Seapost -> Lake Mail

Lake Mail

By Geoff Ellerton

Postal markings from lake boats have been recorded for at least 200 years and cover a wide range, from full "floating post offices" to postal messenger marks, transit marks, vessel cancellations and cachets, some genuinely postal use, others philatelically inspired or purely commemorative. The marks can reflect a tiny motor boat delivering local mail to lakeshore or island communities, as with the Scottish "By Loch Lomond Mail boat" cachet, or a major transoceanic ship engaged in global trade, as with Paquebot marks from the American Great Lakes.

Cover with Paquebot (Hosking 2156)
Fig 1 Cover with Paquebot (Hosking 2156) of Sault Sainte Marie, Michigan, on Lake Superior, USA

Travel by water was often the easiest and fastest means of communication where lakeside towns were in areas which were otherwise less accessible, as for example with mountainous regions of the world. In the European Alps this was true of some Swiss, Italian, Austrian and German lakes, and a wide range of lake postal markings exist from these countries. The lakes of Northern Italy: Garda, Como, Maggiore and Iseo, had travelling post offices on boats from as early as the 1850's through until the 1930's. From the 1890's onwards, the numbers of lake TPO's reduced but were supplemented by travelling postmen or postal messengers ("Messagieri") who travelled on board, collected mail from shore and shipboard boxes and cancelled it with a handstamp. Most of the "Natante" ("floating") and "Messagieri" cancellations include a reference to the lake route on which they were being carried.

Picture postcard cancelled by Lindsey type C24 mark
Fig 2 Picture postcard from Italy to UK cancelled "Natante Colico Como 27.5.23" (Lindsey type C24)

In some cases the lakes were within the territories of more than one country, so that more than one national postal administration was involved in lake mail. Lake Constance (Bodensee in German) for example borders Germany, Austria and Switzerland, with each country having its own marks for post carried on its lake boats.

Cover with marks of multiple countries
Fig 3 Cover from Austria to USA cancelled "Osterr.Bodensee-Schiffspost Bregenz 03.9.54" with additional mark "Bodensee-Schiffspost" and cachet of the steamer "Austria"
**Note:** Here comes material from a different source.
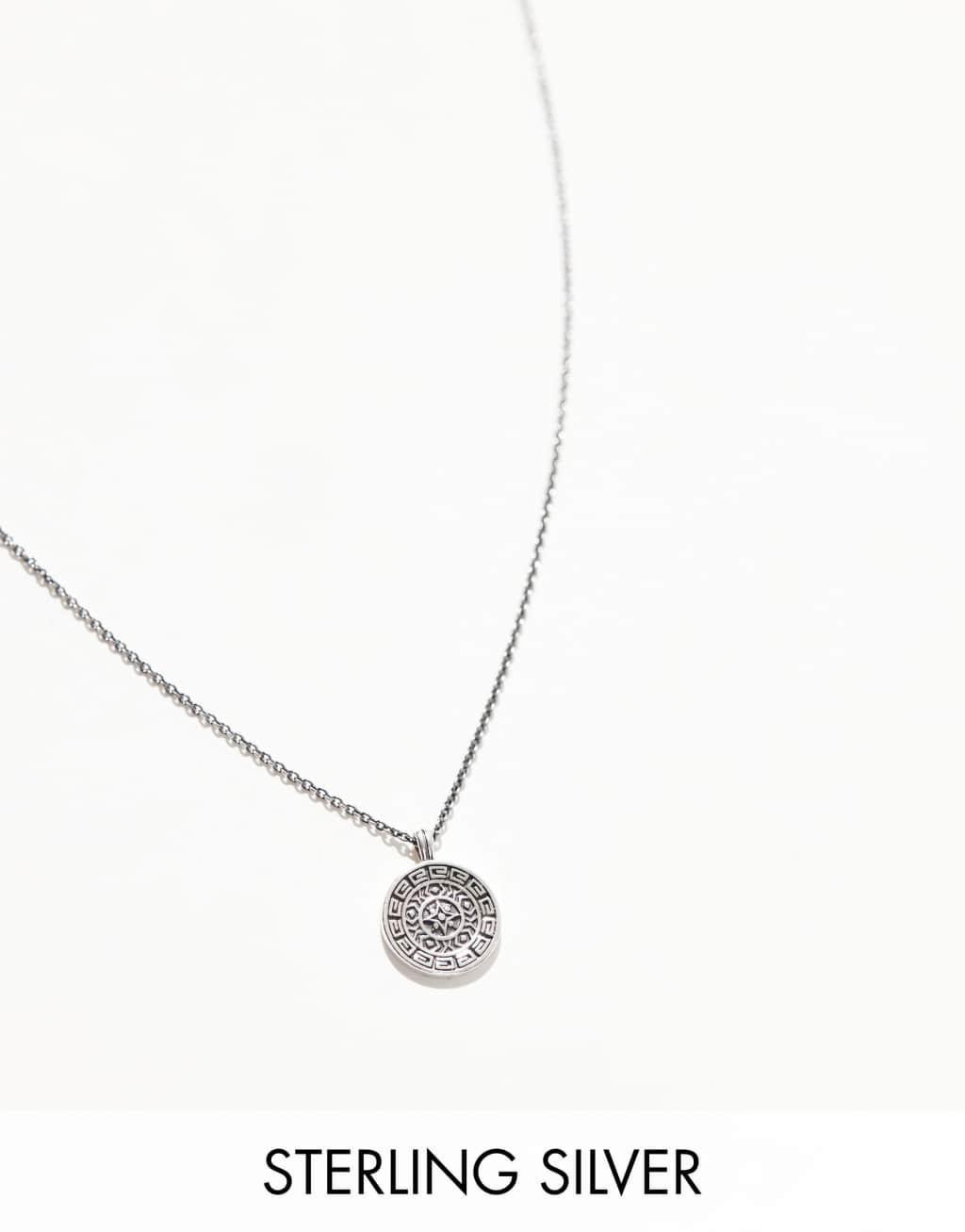 ASOS DESIGN sterling silver necklace with round embossed pendant Product Image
In North America, one of the longest continuously operating floating post offices is on Lake Winnipesaukee in New Hampshire. It began in 1892, and the mail boat "Uncle Sam" provided a postal service there for some 75 years until 1982. Its successor, the mail boat "Sophie C" continues to provide today both passenger excursions and a mail delivery service to towns and islands around the lake, although the official Railway Post Office (RPO) ended in 1978. Interestingly, the waterway route here actually outlived the rail routes serviced by RPO's.

 
Cover with RPO mark
Fig 4 Cover cancelled "Lake Winnipesaukee RPO Jun 15 1971"
 

Bibliography

R M Hosking: Paquebot cancellations of the world 3rd ed. (Cavendish 2000)
E Antonini & J Grasset: Histoire postale des lacs et des rivieres du monde (Feldman 1984)
G Lindsey: Italian lake mail postal markings (Italy and Colonies Study Circle 2003)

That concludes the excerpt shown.